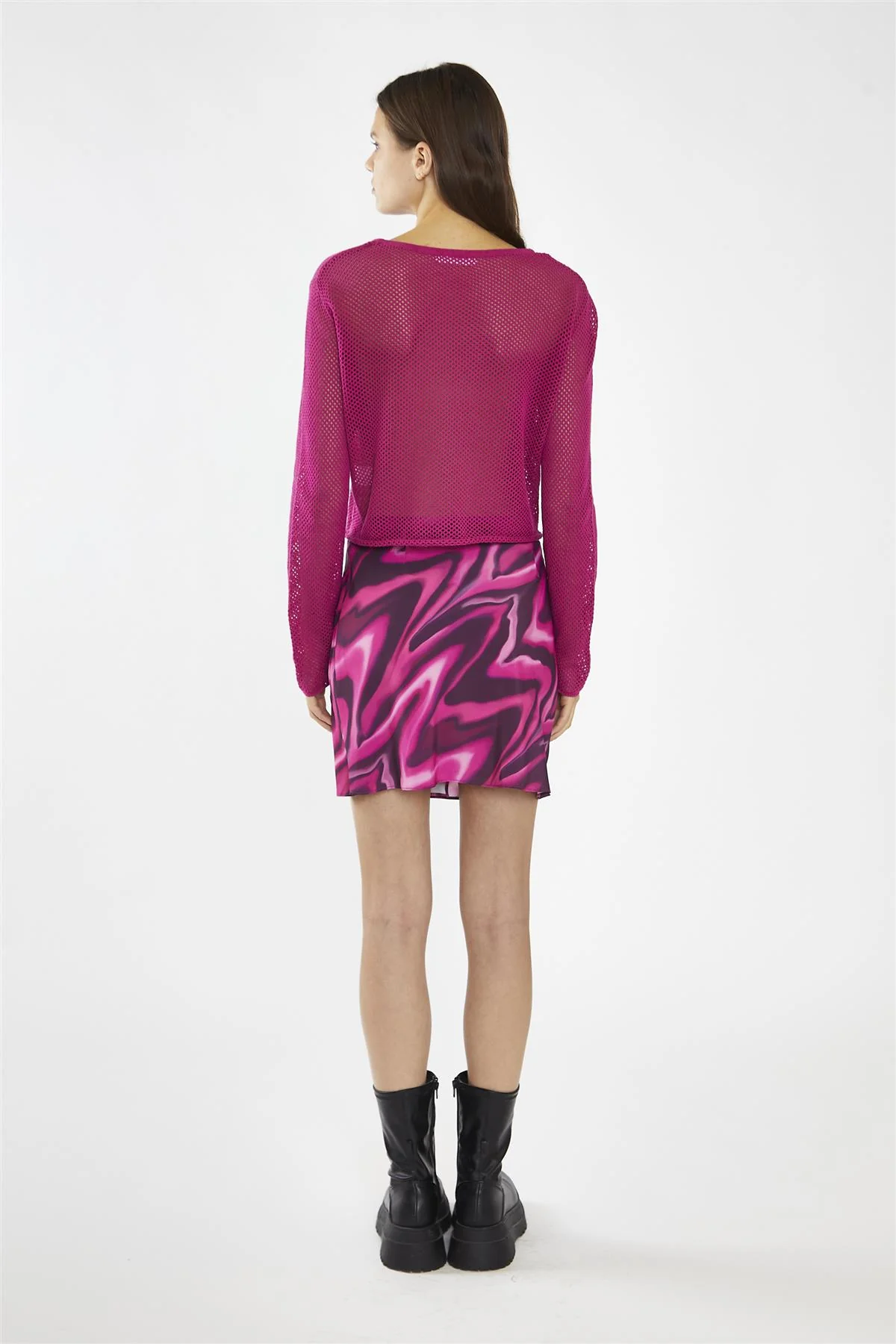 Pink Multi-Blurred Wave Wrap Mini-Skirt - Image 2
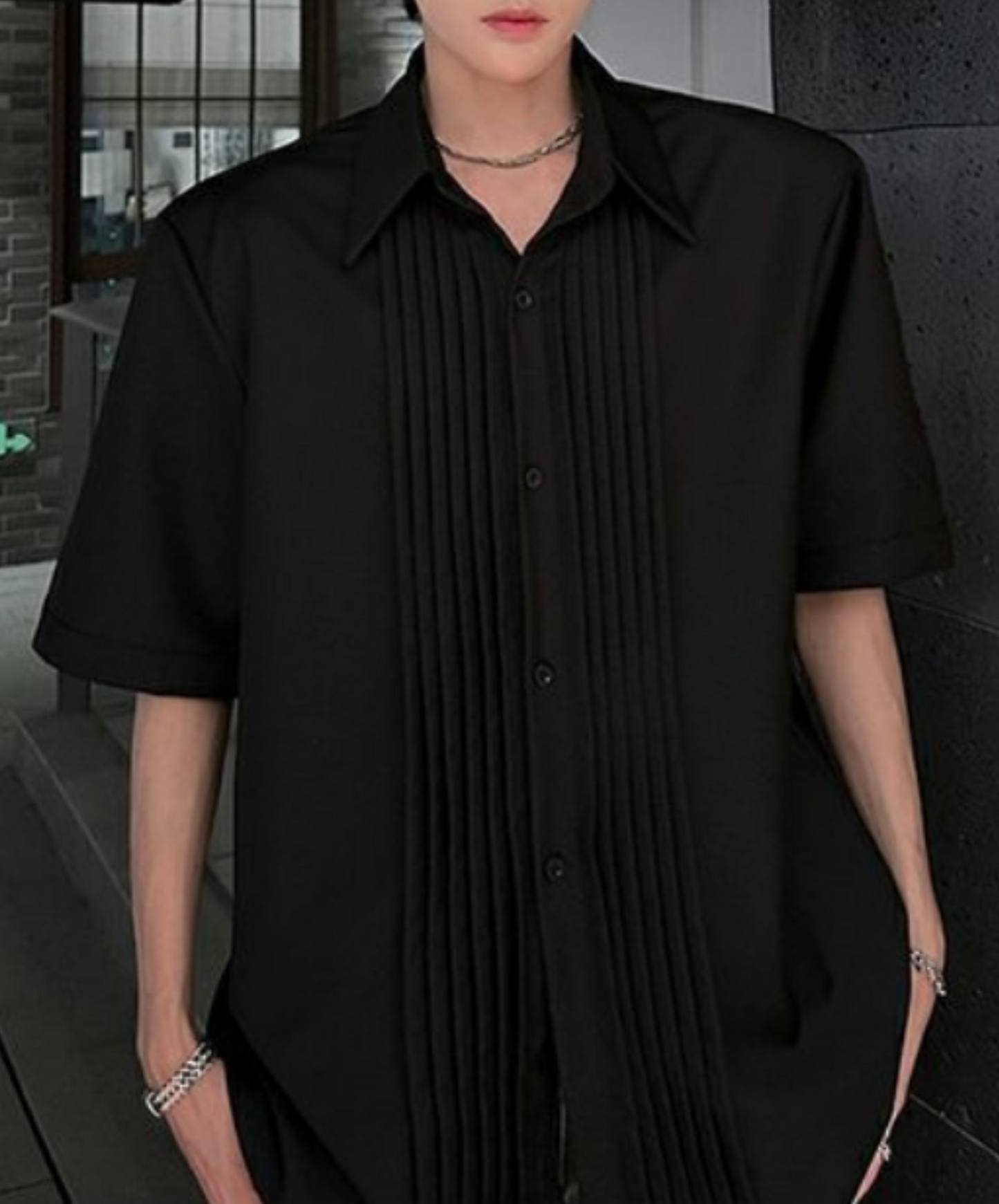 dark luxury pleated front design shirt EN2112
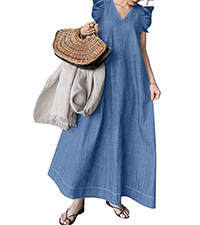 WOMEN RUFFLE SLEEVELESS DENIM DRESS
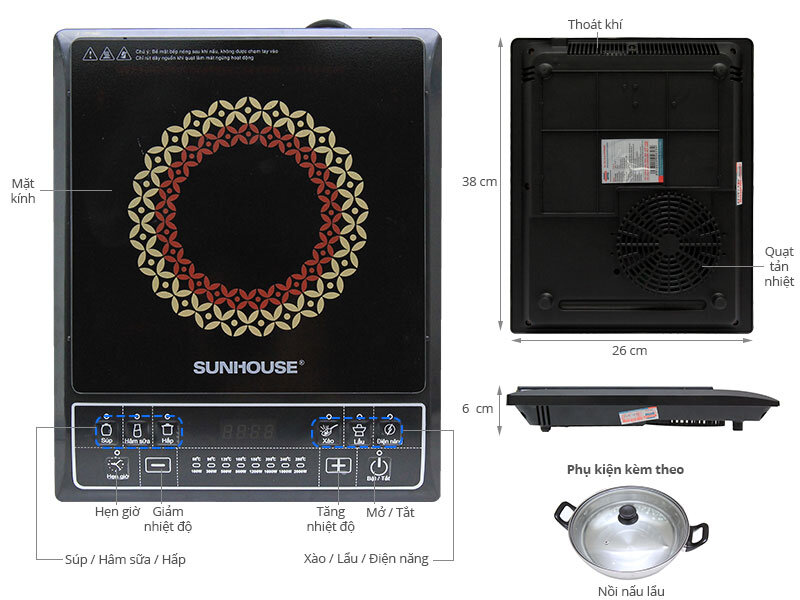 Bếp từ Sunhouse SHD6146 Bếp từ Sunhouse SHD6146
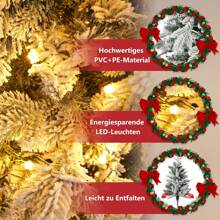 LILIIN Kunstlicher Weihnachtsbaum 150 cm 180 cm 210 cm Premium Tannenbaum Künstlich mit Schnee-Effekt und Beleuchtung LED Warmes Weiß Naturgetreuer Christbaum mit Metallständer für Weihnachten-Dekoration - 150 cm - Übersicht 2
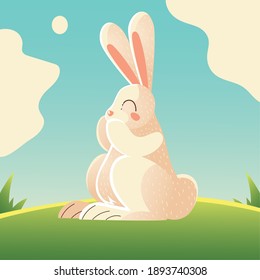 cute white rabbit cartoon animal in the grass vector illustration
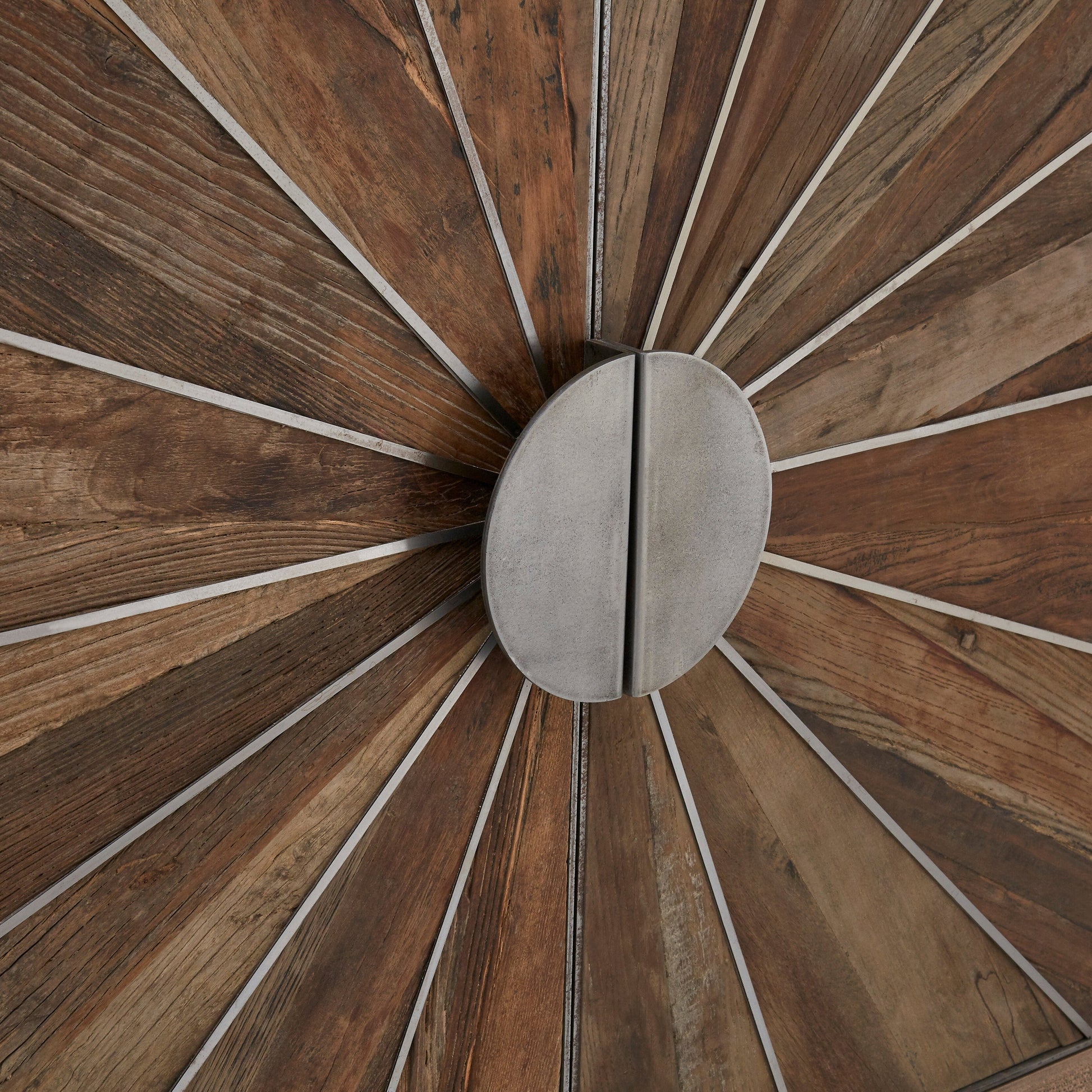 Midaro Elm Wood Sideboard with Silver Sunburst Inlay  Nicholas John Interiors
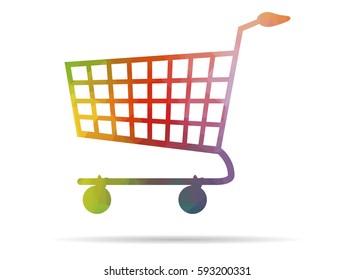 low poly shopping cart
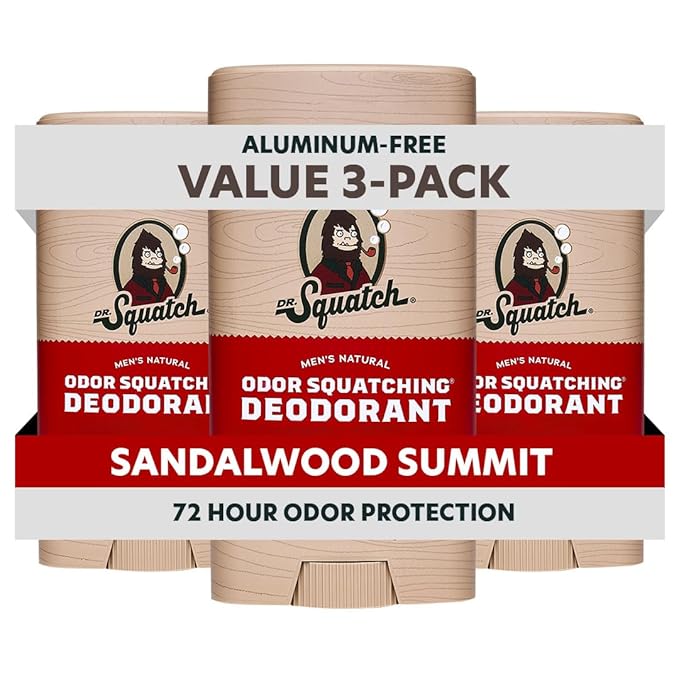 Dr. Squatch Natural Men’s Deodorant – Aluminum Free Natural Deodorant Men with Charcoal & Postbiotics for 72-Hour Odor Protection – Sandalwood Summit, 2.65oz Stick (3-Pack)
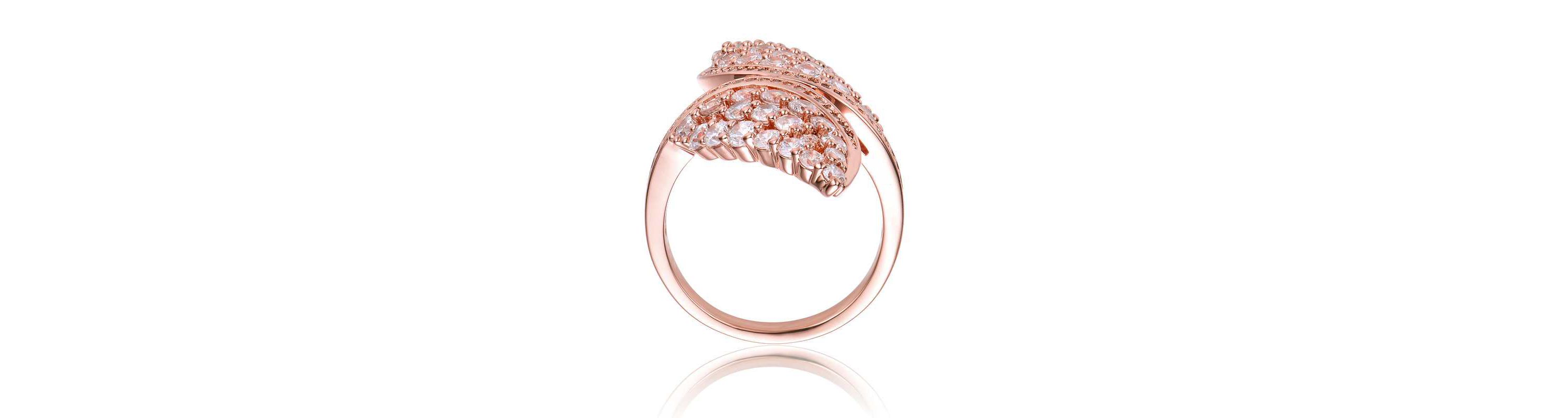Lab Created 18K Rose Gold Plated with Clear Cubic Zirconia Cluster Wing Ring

■ THE TASK: Word for word, restate only the lines from the one bearing "WOMEN RUFFLE SLEEVELESS DENIM DRESS" through the final line of the listing, inclusive, with no pictures.

■ EXERCISE ANSWER:
 WOMEN RUFFLE SLEEVELESS DENIM DRESS
 Bếp từ Sunhouse SHD6146 Bếp từ Sunhouse SHD6146
 LILIIN Kunstlicher Weihnachtsbaum 150 cm 180 cm 210 cm Premium Tannenbaum Künstlich mit Schnee-Effekt und Beleuchtung LED Warmes Weiß Naturgetreuer Christbaum mit Metallständer für Weihnachten-Dekoration - 150 cm - Übersicht 2
 cute white rabbit cartoon animal in the grass vector illustration
 Midaro Elm Wood Sideboard with Silver Sunburst Inlay  Nicholas John Interiors
 low poly shopping cart
 Dr. Squatch Natural Men’s Deodorant – Aluminum Free Natural Deodorant Men with Charcoal & Postbiotics for 72-Hour Odor Protection – Sandalwood Summit, 2.65oz Stick (3-Pack)
Lab Created 18K Rose Gold Plated with Clear Cubic Zirconia Cluster Wing Ring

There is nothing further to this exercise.